Included with lipstick, eye shadow, foundation and mascara was a DigiCard, a silver credit card that fits into CD-Rom players. Those who viewed it and clicked the online option were zoomed to a preview site that featured grainy black and white footage of spokesmodel Elizabeth Hurley frolicking on a beach.
Meanwhile, in a decision that could have far-reaching implications for the protection of brands on the Internet, a German court has agreed that use of three Estee Lauder Cos. names as keywords infringed on the company’s trademark rights.
The German court ruled in Lauder’s favor in a trademark infringement suit against and Excite Inc., which involved the unauthorized sale of Lauder trademarks by Excite as advertising “keywords.” Similar suits were filed in Manhattan federal court and in a French court.
The trademarks, when used as search terms online, cause banner ads to appear prominently on the user’s computer screen. The ads usually contain hyperlinks to the advertiser’s Web site.
The District Court of Hamburg, according to a press release issued by Estee Lauder, concluded that the sale of the trademarks “improperly exploited the brands’ reputations and constituted unfair competition under German law.” In addition to the e-commerce aspects of the suit, the court also permanently barred Ibeauty from “shipping diverted Estee Lauder and Clinique products from the U.S. to Germany,” the release noted.
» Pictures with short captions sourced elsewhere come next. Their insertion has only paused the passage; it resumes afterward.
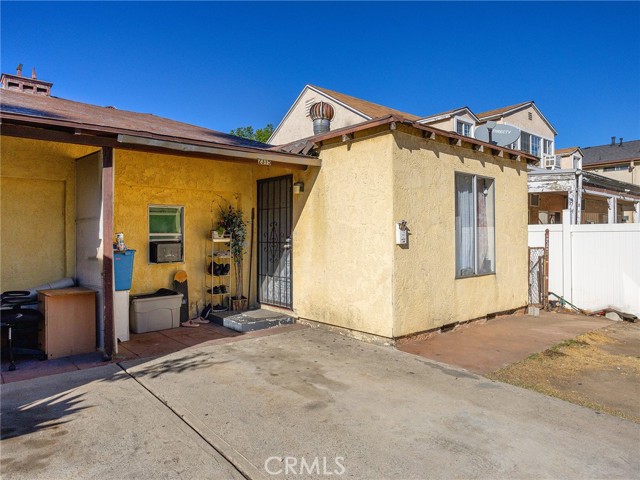 Detail Gallery Image 6 of 35 For 2313 N Niagara St, Burbank,  CA 91504 - – Beds | – Baths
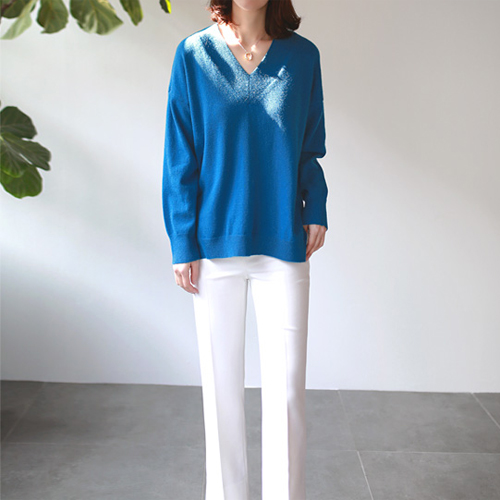 Leeds Vneck Knit - 3c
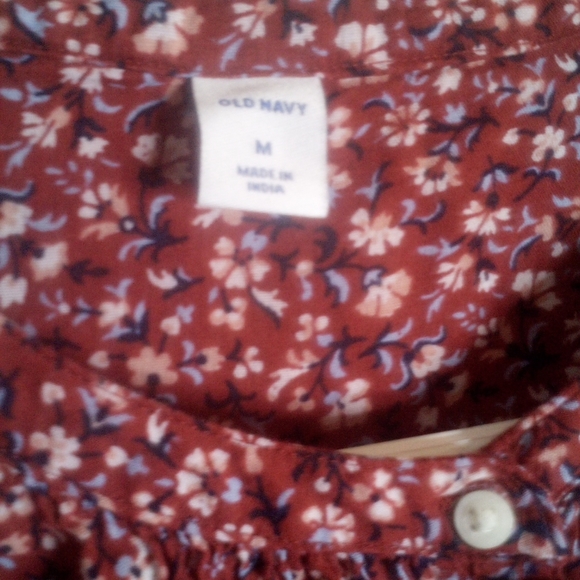 💕 3/$15 Old Navy Hi Low Button down Long Sleeves Shirt Red Print S M - Picture 2 of 6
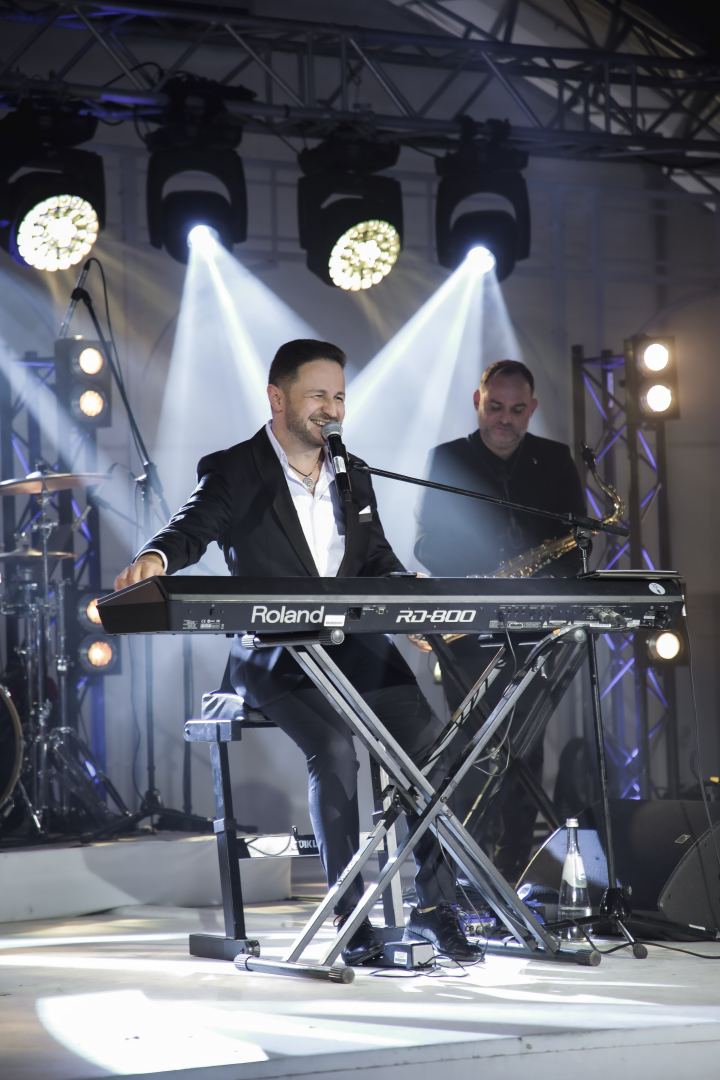 Белоснежный шатер на берегу Каспийского моря – сюрприз от Брендона Стоуна бакинцам (ФОТО)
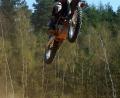 Bild: lst
Hoch, höher, am höchsten – so sieht Motocross-Fahren bei den Profis aus.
The suit, according to a Lauder spokeswoman, was filed in January 1999, and involved the Estee Lauder, Clinique and Origins trademarks. Lauder charged that Excite sold the Lauder trademarks to Fragrance Counter Inc. as keywords to trigger the company’s Internet banner ads. Subsequent to the filing of the suit, Fragrance Counter was acquired by Ibeauty.
The court’s ruling, effective only within Germany, is subject to appeal by the defendants. The court, according to Lauder, granted the company’s request for a permanent injunction barring the defendants from “causing” any of the banner ads to be triggered even if any of the three trademarks appear within the ads. In addition, the court also barred the defendants from displaying either the Estee Lauder or Clinique trademarks within the Ibeauty ads themselves.
Langhammer said in a statement, “We devote significant resources to protecting the value of our brands and trademarks, which are the foundation of our company.”
He added, “We believe this decision sets a precedent in recognizing a trademark owner’s right to control the use of its brands as keywords on the Internet.”
A senior executive for Ibeauty said Thursday, “The decision of the German court prohibiting from shipping Estee Lauder’s products to Germany will have little to no effect on Ibeauty’s business, since Ibeauty does not ship these products internationally. Our strategy has been focused on building the premier online prestige beauty site in the U.S.”
The executive added, “We won’t comment on pending litigation,” but pointed out that “German trademark law differs significantly from U.S. trademark law.”
A source said the beauty company had made no decision on whether to appeal the German court ruling.
Excite plans to appeal.
The U.S. and French lawsuits are still pending. The Manhattan suit involves the same three trademarks as the German suit. The French suit excludes the Origins trademark, according to the spokeswoman. Both suits were also filed in January 1999.